I took Doe for a walk in the afternoon. She likes to go to the Corner Bookstore on Madison because the young writer who works there always gives her a treat. He spotted her immediately as we came in. She followed him into the back room, while I read the first few pages of Nadine Gordimer’s new one, and then the beginning of a memoir called “Wild.”

On the way out, I noticed a sign about a reading that was scheduled to happen later. “Poetry Tonight,” the sign said. I didn’t know who the poet was, but I decided to go on the spot. I love being read to. I love stories. I love writers. So I was already looking forward to the evening, walking home in the drizzle.

By 5:45, it was raining again. I hurried over to Corner Books under a black umbrella. The bookstore was already packed with a sharp looking crowd. I saw Doe’s friend, the young writer, standing behind a table of wine and cheese. One man was holding court. I heard him say he had just arrived from California. He was tan and looked very successful. I thought he was probably a publisher or an agent. But it turned out, he was the poet. I’m unfamiliar with tan poets who look so successful. The ones I know are a different sort. Not so tan, for one thing.

I took a seat near the back, in the corner. As every seat filled, a woman about my age squeezed past to sit beside me. I learned she had been the stage manager for City Opera for twenty-three years. We got to talking about second chapters, about starting over. It seems to be a very common thing for many women in mid-life.

When the poet came over to greet my new friend, he introduced himself to me. He asked me if I was a singer, an opera singer, assuming I might be because I appeared to know this woman. I told him I was indeed a singer. But not an opera singer, no.

Soon he was being introduced, in the most generous way, by another man who seemed to know him well. The man’s eyes filled with tears describing a kindness the poet had shown him. Turned out this poet had also held a government office for a time. He’d wielded great power over other poets, other people in the arts. I grew suspicious of him then, because I’m suspicious of power and position. I can’t help it.

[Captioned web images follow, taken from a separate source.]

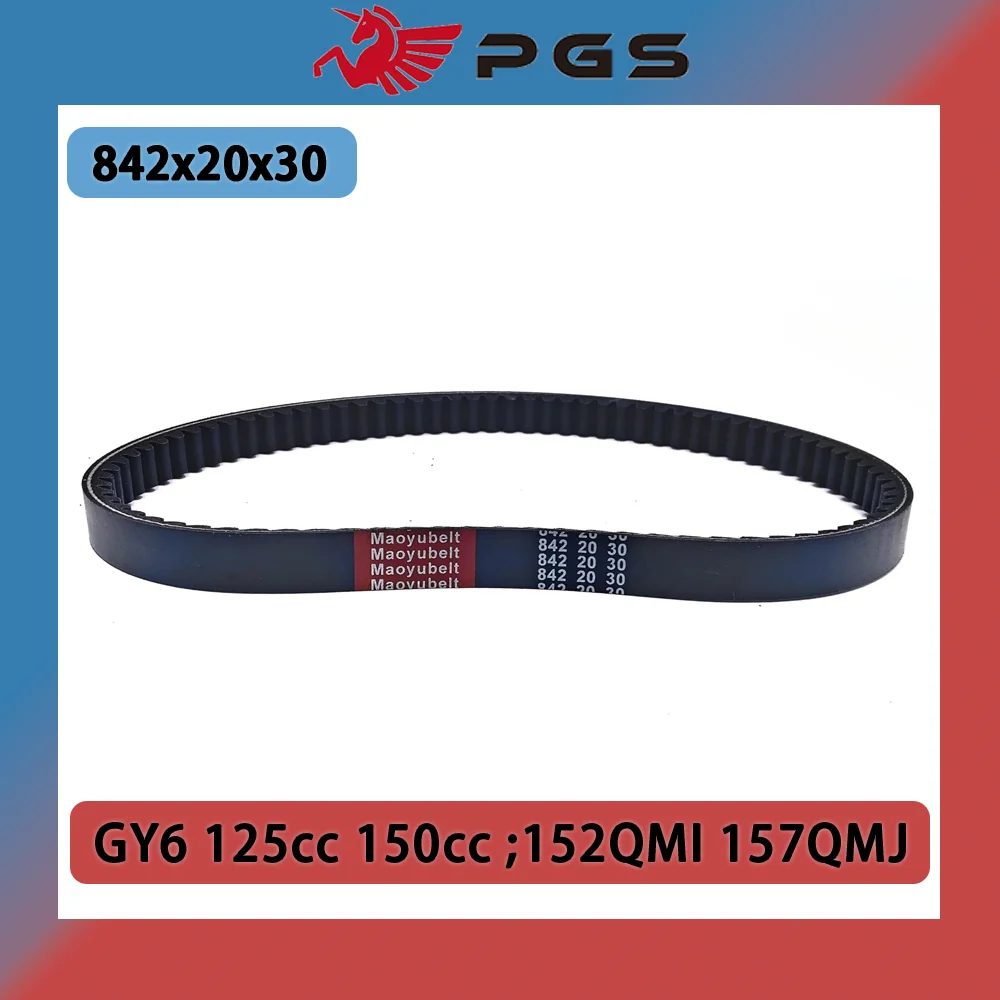 Двусторонний зубчатый приводной ремень CVT 842x20x30 для двигателей GY6 125cc 150cc, мопедов, картов, скутеров, квадроциклов 152QMI 157QMJ 842 20 30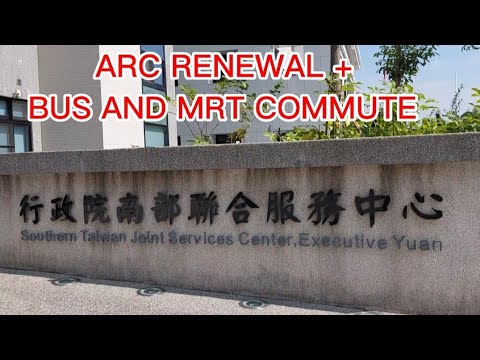 ARC RENEWAL (ALIEN RESIDENT CERTIFICATE)|| TAIWAN IMMIGRATION OFFICE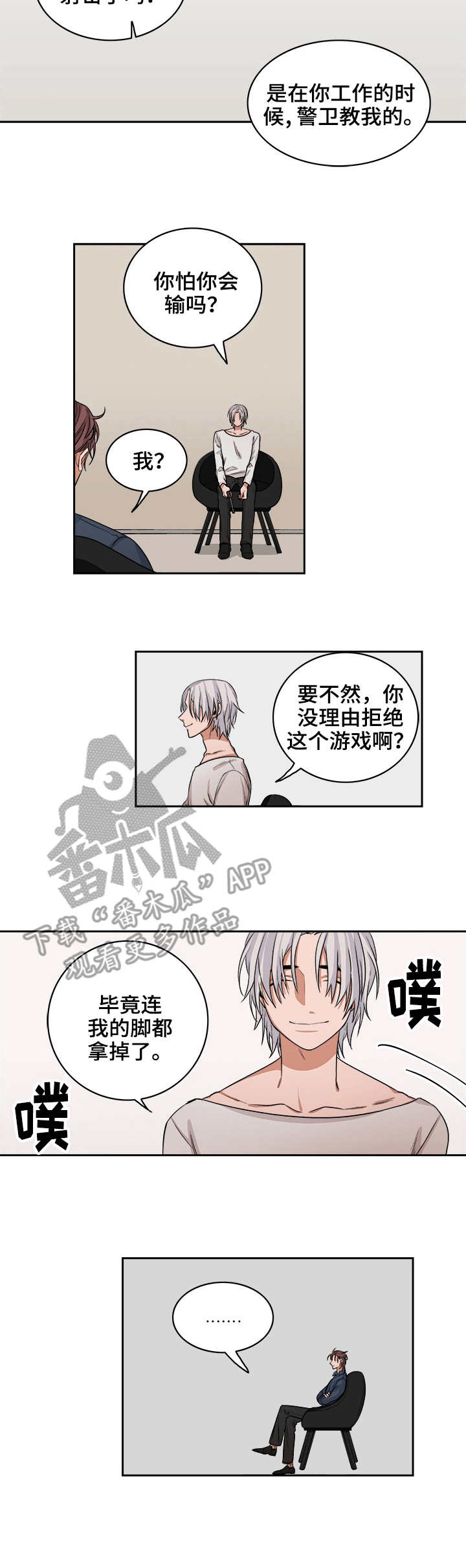 厄运转移漫画,第38章：手枪3图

But then he began to read his poems. The first couple had rhymes that distracted, but by the third, I was drawn in. Listening to his thoughts gleaned from loss, and hard won perspective, I was moved by his insights. He was a beautiful poet, it turned out. There was one about the nature of mature love. He was married to a woman named Mary, and had been for a long time. He and Mary had lost a child, he told us. The last poem he read was about the lost child, watching him grow up in the bodies of other children.

I bought two copies of his new book and stood on line to thank him. When I reached him, he said, “Would you like to make a record one day?” I said, “Yes, I would.”

No, I didn’t. That’s only what I wish I’d said. Instead, my ego kicked in and I defended my accomplishments, quickly and inadequately.

Then I walked home in the rain. I didn’t bother to open my umbrella. It wasn’t raining very hard. I was feeling the combination of having been moved, in this pure way, by the poetry I’d heard, and also the discomfort of having my ego triggered. It’s an unwieldy beast when awakened, my ego. It wants the world to take notice of me.

But most of the time, I am content to live my own reality, to document my own insights. The poet and I have this in common. Tan or winter-pale, it doesn’t matter. We’re both attempting to make sense of things. Ego is no help at all in this, and neither is the recognition of the world.